カリキュラムはすべての生徒が実技として工房で仕事をする前に、予科と呼ばれる基本コースを受講。 

その内容は①想像力を伸ばす教養②分析と考察による理論化です。

この背後にあったのは、校長グロピウスの「芸術と技術の統合」という思想と、資金不足の問題。

ふたつの観点から、講義は抽象的概念を扱う考察が増えていきます。

考察する対象は陶器や織物や家具だったようです。

ここからが重要なポイントです。

当時は、色彩、形状、素材が一体化したモノとして分析していたそうですが、次第にモノを色彩、形状、素材…と細分化して、それぞれの要素ごとに考察したことから、デザインが意識されるようになったそうです。

僕が好きなバウハウスの講師は、画家のカンディンスキー。
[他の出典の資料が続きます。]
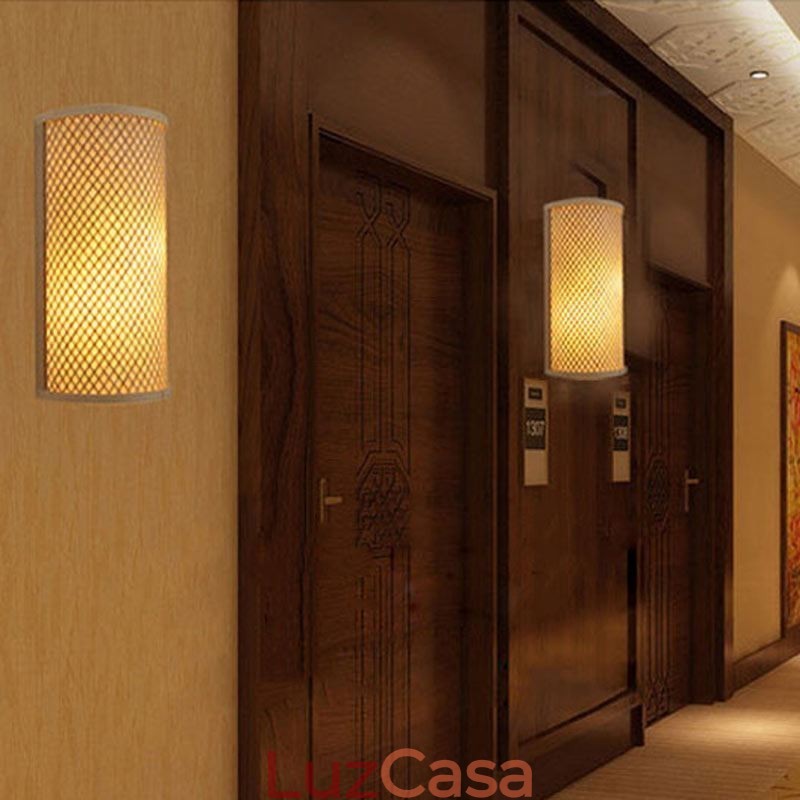 Luminária de parede de bambu semi cilíndrica Luminária de parede de cabeceira criativa Escadas Iluminação rural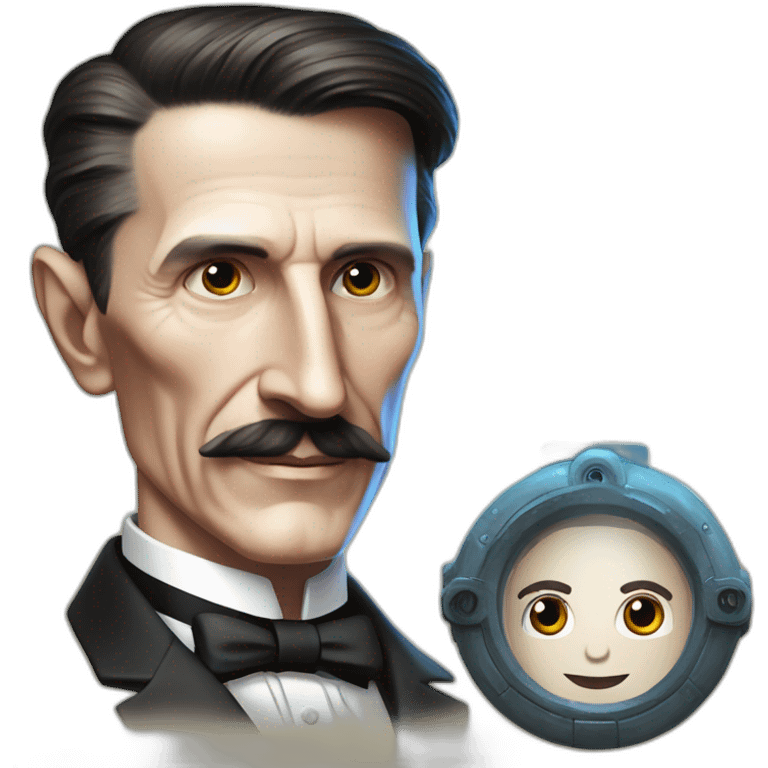 Nikola Tesla with a yammakh emoji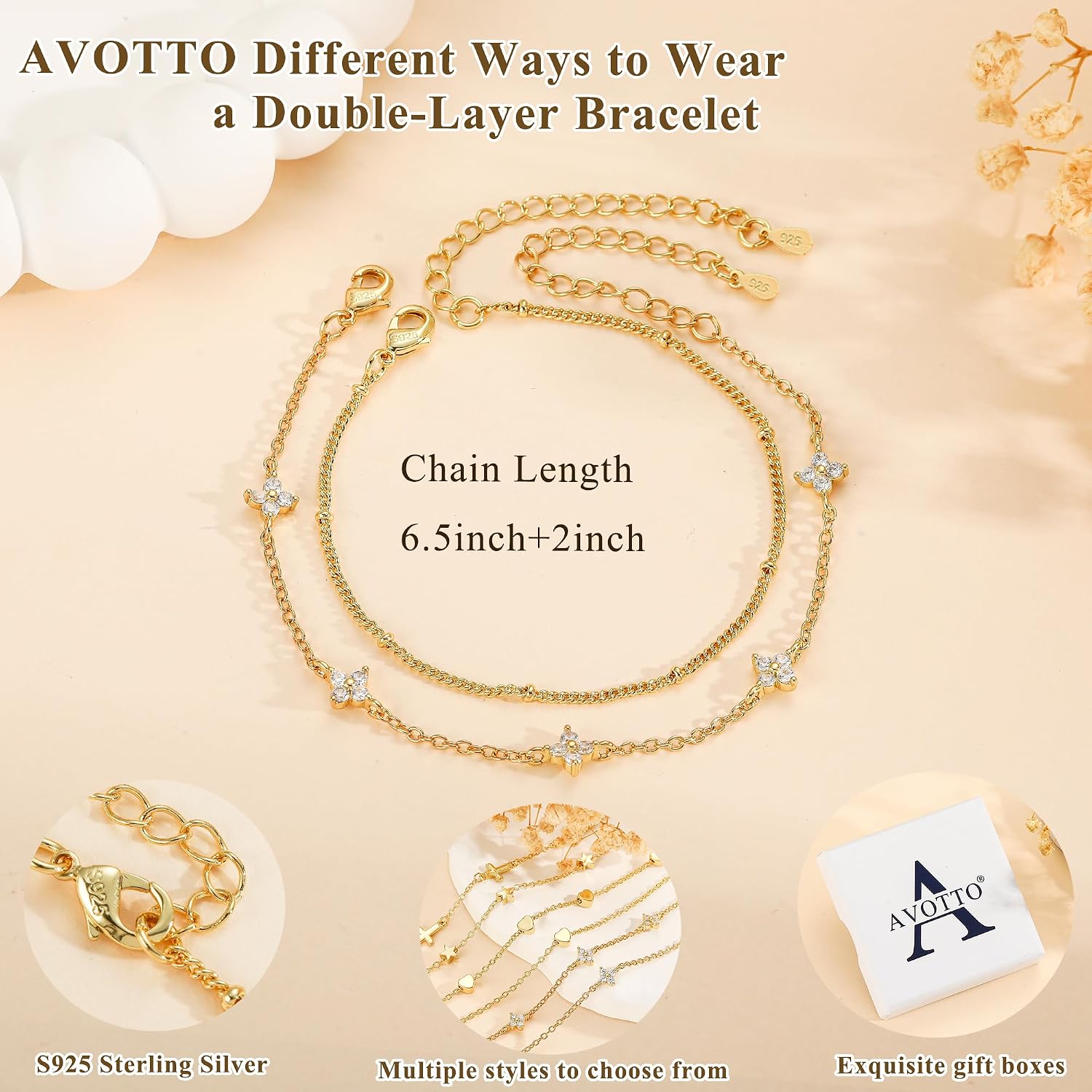 Detalle 2 de Avotto 925 Silber Armband mit 16,5 cm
彼は、線と明暗、平面といった、絵画の構成要素を徹底的に分析し、造形芸術に科学をもたらしました。

20世紀はじめに“抽象絵画”の概念をいち早く提唱した人物でもあります。

彼らがデザインをあらわにした経緯をたどると、あたらしい概念を編むヒントを得ることができます。

つまり、概念とは集まっているものを分解し、考察し、理論を組み立てることから生まれるのです。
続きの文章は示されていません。